Setelah transit di bandara udara Juanda, seorang remaja duduk di kursi depan saya sebelah kiri. Sebelum duduk, ia dengan cekatan mematikan telefon seluler dan dimasukkan ke saku tas gendongnya. Dari kantong tas tersebut, ia juga mengeluarkan nintendo, dan kesibukannya pun berganti dengan game  pertandingan tenis lapangan. Ibu jari kedua tangannya dengan penuh semangat dihentak-hentakkan ke tombol-tombol nintendo. Sesekali mengernyitkan dahi, membengkokan bibir, berujar “uh”, dan sesekali tersenyum. Setelah game berlangsung kira-kira 30 menit ia memasukan nintendo ke sakunya, meletakan kepalanya ke sandaran kursi dan tidak lama berselang ia tidur.

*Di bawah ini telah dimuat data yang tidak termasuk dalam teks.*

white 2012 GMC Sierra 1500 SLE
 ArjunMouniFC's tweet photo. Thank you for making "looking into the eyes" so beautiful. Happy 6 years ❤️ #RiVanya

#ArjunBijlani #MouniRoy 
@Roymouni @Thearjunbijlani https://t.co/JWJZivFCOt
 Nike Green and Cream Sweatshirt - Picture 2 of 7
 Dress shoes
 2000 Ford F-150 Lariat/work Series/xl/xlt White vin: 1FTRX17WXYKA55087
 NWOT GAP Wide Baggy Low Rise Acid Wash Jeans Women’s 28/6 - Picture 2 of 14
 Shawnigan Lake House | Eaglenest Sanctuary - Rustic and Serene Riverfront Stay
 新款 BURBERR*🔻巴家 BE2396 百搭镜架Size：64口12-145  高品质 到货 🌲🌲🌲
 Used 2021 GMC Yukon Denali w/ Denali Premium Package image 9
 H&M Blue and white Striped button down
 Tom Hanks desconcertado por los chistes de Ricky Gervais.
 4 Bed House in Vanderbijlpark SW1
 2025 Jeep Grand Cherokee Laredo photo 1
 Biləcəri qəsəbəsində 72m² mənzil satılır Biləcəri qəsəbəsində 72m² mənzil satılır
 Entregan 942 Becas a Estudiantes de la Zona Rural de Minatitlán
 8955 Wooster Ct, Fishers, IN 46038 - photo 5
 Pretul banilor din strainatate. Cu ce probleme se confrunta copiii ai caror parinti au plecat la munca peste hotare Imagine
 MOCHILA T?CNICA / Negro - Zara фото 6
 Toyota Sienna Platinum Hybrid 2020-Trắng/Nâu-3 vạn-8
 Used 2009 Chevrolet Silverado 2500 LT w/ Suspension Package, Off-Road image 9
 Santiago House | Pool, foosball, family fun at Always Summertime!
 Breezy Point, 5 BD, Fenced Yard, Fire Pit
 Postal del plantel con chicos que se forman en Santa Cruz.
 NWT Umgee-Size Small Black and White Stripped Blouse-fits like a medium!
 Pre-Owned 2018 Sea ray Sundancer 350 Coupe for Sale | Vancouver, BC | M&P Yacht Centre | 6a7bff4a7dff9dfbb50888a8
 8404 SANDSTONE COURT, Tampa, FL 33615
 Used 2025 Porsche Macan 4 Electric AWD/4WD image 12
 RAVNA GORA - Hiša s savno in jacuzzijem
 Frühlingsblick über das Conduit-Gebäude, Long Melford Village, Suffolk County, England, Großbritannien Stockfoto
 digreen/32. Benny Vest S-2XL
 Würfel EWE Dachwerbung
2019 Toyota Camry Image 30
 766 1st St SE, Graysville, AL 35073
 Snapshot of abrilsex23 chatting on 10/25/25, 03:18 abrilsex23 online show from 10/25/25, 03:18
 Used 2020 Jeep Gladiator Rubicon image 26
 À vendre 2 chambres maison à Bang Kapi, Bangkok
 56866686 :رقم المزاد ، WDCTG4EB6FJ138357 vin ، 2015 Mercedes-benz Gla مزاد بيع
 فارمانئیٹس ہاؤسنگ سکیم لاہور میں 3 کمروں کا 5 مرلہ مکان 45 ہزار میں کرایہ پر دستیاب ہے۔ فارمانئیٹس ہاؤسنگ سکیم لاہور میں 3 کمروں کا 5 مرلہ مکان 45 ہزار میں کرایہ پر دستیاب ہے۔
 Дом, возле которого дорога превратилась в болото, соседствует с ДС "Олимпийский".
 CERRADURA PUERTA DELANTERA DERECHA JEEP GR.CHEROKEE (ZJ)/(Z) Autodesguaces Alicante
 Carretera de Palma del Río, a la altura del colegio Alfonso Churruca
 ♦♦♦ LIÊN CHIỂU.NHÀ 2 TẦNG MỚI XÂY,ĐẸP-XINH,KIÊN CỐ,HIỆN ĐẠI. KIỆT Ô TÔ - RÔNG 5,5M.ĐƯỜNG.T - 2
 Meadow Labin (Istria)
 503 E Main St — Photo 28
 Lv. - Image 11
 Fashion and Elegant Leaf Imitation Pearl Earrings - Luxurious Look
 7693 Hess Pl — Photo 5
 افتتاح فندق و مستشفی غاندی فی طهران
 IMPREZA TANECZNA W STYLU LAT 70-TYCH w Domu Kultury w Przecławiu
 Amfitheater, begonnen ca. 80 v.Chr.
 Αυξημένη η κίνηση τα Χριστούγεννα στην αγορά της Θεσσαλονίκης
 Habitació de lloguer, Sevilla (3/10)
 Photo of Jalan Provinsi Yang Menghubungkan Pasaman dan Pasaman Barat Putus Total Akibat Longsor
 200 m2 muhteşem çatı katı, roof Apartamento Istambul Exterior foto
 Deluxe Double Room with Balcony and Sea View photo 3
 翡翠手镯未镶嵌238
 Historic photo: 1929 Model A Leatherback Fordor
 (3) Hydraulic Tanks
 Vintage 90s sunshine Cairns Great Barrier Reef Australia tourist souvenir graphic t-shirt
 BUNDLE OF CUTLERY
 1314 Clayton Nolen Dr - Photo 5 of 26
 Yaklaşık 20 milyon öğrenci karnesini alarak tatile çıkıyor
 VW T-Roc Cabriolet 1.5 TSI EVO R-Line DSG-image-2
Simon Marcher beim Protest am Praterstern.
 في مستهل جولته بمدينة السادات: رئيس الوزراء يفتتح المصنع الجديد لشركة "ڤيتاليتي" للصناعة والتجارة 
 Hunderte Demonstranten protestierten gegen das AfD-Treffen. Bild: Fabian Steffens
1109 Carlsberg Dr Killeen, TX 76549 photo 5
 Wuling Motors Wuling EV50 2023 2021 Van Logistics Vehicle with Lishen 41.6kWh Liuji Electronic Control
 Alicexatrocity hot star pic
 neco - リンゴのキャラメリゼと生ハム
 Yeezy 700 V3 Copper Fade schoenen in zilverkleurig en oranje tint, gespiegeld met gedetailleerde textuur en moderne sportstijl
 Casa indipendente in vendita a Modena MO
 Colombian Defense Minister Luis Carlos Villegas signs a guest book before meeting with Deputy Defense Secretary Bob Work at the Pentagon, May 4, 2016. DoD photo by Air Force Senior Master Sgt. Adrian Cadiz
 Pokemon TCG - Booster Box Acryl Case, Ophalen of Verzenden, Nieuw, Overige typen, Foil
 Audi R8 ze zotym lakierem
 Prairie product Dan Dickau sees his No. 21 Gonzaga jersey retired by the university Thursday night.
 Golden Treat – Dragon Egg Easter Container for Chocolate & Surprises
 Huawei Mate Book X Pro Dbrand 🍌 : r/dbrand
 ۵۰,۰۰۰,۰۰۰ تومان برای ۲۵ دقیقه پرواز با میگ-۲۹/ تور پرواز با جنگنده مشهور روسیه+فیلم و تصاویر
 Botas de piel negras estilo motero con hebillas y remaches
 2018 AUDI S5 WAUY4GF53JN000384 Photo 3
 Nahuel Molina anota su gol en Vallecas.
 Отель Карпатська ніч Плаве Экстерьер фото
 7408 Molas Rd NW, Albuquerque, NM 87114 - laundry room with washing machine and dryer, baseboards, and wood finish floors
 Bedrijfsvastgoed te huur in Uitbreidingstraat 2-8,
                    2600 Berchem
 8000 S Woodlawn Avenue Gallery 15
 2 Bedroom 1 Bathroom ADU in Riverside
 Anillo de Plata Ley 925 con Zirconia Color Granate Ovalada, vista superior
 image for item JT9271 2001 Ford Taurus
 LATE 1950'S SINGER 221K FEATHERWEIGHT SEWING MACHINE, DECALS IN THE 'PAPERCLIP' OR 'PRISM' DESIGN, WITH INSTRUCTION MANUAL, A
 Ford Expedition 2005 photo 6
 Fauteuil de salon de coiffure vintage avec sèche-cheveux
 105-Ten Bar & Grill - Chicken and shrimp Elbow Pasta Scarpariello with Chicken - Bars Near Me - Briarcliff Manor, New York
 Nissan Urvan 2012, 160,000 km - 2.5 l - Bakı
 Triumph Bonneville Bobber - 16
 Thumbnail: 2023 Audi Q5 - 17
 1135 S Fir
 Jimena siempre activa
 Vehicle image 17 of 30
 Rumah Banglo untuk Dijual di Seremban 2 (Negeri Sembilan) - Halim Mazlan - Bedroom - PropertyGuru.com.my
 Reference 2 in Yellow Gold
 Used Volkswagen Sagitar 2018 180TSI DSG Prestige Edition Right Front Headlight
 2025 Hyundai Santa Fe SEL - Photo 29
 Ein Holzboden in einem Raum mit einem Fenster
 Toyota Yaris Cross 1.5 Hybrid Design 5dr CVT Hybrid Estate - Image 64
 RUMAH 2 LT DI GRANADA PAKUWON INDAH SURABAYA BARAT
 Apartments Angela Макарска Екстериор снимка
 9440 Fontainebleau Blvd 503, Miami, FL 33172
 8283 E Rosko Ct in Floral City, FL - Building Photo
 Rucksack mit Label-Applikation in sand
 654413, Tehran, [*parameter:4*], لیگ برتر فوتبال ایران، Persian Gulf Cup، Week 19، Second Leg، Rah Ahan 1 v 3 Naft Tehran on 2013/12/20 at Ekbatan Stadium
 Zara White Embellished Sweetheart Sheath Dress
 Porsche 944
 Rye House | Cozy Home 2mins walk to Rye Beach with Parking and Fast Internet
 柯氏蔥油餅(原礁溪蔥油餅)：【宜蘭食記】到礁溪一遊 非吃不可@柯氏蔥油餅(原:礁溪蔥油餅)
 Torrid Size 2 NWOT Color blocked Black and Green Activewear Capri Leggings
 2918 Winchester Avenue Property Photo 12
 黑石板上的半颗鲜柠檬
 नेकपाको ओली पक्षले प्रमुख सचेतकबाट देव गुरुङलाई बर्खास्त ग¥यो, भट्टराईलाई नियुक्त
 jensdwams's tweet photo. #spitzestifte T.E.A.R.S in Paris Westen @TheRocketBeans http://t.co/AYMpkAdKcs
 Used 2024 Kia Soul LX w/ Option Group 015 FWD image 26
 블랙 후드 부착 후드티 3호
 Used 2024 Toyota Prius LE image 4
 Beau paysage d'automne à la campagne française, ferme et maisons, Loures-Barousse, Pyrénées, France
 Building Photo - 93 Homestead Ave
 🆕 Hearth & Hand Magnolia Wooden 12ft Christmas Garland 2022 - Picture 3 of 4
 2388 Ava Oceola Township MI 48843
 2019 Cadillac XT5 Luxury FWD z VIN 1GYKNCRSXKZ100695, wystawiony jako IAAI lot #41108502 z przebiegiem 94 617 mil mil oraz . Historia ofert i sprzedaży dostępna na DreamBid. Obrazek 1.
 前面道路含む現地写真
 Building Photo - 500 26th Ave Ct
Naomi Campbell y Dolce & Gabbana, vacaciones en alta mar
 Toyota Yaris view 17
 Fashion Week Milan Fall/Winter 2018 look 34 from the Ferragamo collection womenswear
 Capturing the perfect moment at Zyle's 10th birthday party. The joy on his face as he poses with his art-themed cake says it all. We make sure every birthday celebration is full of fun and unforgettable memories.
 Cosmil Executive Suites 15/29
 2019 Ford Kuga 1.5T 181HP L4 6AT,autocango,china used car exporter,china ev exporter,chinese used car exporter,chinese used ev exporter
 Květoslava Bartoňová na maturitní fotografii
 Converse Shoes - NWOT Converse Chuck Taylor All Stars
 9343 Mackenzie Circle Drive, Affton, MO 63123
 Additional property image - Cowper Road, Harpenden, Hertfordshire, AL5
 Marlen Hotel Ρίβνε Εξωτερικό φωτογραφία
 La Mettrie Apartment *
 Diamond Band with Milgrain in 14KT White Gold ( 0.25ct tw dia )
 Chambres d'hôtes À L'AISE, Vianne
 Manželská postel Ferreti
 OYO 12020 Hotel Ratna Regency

Dalam beberapa kesempatan saya mendengar Prof. Udin S. Winataputra berpendapat bahwa kebiasaan orang Indonesia di kendaraan adalah ngobrol dan/atau tidur.  Saya “setuju Prof.!”, memang begitu pada umumnya bangsa kita, obrolannya pun kadang-kadang nyerempet-nyerempet ke obrolan berbau “seronok”. Dengan meningkatnya kecanggihan teknologi informasi yang digunakan bangsa kita (Indonesia tercinta) malah menjadikan kita semakin tidak cerdas memanfaatkan waktu, dan tidak cerdas dalam memanfaatkan teknologi informasi untuk kemajuan pribadi dan bangsa.

Berdasarkan pengalaman tersebut, saya ajukan hipotesis “pemanfaatan kecanggihan teknologi yang tidak cerdas, mengakibatkan karakter bangsa yang  semakin buruk, dan menjadi bangsa yang tertinggal.”

Hehe.. mari kita uji hipotesis tersebut!